WORK ORDER: Please find the lines in the entries below that contain the word "Bark", and copy each one.

EXTRACTED INFORMATION:
......

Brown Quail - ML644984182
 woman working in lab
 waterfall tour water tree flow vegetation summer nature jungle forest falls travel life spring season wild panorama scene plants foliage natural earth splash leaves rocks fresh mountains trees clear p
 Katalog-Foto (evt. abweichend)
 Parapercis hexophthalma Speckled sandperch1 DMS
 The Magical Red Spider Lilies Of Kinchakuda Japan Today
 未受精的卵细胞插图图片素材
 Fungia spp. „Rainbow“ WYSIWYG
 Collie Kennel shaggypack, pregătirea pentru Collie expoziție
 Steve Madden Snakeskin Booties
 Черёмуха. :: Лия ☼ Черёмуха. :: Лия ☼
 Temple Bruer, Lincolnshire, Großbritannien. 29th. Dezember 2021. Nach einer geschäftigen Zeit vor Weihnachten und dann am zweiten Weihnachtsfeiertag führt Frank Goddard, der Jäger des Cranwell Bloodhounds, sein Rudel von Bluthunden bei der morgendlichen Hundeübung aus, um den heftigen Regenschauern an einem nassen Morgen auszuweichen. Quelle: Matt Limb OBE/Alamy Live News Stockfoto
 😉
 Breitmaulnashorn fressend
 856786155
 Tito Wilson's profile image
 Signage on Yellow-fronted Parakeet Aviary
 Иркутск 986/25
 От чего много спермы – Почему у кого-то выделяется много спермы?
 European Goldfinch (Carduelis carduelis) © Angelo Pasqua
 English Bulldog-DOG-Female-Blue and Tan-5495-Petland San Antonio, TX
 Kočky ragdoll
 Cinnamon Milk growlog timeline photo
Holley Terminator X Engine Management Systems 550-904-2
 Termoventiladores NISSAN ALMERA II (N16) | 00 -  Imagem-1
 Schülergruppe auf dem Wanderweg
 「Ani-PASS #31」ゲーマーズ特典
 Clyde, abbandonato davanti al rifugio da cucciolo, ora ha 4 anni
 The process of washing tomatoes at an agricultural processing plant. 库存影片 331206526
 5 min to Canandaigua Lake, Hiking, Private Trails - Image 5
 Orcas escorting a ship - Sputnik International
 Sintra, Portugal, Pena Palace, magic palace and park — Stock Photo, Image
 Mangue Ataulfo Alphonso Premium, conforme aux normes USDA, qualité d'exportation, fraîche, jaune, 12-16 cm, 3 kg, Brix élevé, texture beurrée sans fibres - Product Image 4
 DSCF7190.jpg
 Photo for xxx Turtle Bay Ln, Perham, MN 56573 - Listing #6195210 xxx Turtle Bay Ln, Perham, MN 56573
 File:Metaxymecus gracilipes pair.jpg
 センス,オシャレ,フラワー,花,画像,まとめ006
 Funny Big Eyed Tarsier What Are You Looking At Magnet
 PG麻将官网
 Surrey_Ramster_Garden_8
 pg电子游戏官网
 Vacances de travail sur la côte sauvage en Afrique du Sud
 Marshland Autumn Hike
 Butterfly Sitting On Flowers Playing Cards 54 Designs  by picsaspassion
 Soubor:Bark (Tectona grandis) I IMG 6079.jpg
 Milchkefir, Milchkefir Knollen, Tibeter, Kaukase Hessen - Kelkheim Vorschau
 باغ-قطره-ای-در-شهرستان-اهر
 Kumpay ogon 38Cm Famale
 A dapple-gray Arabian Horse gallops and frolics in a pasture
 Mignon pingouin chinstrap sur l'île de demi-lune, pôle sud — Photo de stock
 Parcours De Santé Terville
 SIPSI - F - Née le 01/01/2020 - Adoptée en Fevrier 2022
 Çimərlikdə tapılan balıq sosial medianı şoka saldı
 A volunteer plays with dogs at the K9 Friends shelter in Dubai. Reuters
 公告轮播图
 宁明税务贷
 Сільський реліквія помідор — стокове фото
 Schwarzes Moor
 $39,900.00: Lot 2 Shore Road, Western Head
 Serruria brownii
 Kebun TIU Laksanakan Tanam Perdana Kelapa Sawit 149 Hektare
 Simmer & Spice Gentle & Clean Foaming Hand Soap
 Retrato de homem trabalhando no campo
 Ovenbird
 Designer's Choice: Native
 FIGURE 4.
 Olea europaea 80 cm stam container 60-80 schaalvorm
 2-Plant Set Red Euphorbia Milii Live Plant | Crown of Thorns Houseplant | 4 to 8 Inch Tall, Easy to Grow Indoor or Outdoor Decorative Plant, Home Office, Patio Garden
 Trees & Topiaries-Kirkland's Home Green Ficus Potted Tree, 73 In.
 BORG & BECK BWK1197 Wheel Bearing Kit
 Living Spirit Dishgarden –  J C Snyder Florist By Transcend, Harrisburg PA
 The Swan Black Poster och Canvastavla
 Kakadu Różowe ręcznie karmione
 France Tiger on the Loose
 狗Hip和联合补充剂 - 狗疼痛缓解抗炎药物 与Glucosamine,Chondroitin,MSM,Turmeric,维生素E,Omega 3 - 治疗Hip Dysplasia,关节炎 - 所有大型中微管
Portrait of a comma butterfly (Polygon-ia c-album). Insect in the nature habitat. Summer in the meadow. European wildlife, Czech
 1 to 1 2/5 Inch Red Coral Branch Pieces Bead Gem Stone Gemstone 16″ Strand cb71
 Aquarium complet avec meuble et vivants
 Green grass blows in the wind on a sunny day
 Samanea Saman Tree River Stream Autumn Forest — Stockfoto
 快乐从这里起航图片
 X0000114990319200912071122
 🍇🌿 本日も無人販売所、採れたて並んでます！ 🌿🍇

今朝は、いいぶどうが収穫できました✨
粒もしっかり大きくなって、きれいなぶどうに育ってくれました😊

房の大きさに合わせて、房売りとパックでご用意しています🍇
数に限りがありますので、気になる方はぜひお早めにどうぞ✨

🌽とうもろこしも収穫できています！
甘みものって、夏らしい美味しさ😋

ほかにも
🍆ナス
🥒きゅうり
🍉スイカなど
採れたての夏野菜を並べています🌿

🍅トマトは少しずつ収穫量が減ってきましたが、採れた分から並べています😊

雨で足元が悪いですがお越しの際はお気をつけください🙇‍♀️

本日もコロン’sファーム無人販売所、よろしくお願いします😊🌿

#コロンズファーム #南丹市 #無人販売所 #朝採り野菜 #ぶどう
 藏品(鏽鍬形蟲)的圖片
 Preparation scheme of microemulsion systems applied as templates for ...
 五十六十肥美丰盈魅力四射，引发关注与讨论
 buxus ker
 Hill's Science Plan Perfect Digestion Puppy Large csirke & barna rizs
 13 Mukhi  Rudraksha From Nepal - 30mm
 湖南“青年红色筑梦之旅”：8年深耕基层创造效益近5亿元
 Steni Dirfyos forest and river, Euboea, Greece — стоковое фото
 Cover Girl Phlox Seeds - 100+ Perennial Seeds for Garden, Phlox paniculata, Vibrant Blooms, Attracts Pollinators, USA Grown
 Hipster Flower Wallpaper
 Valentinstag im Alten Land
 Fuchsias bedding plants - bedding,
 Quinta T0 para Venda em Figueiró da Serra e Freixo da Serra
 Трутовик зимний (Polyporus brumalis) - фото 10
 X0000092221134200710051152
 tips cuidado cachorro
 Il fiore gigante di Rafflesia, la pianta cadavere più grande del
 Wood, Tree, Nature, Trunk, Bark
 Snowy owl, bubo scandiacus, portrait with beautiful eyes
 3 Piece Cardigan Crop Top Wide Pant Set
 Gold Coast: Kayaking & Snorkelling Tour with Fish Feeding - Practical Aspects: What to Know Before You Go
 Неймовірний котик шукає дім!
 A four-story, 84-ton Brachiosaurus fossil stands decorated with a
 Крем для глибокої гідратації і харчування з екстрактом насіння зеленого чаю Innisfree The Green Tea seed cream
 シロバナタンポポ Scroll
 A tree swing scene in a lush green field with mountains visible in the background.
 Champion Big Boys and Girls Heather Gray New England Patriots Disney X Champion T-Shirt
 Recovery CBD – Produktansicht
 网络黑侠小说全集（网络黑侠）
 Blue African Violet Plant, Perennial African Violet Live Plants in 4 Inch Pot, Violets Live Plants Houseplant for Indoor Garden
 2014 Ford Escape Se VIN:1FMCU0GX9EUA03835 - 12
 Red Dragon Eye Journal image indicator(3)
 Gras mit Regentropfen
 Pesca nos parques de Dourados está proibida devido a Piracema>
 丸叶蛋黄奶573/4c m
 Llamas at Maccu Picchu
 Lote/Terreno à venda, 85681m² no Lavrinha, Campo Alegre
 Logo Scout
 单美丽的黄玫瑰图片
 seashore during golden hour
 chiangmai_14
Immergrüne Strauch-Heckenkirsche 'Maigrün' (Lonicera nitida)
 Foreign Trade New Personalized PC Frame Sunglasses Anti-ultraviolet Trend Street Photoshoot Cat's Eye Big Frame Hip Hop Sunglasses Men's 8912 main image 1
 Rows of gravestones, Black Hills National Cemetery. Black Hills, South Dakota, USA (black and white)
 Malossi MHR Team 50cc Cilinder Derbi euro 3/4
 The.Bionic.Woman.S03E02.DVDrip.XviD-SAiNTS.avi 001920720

......

YOUR SOLUTION:
 Soubor:Bark (Tectona grandis) I IMG 6079.jpg
 Wood, Tree, Nature, Trunk, Bark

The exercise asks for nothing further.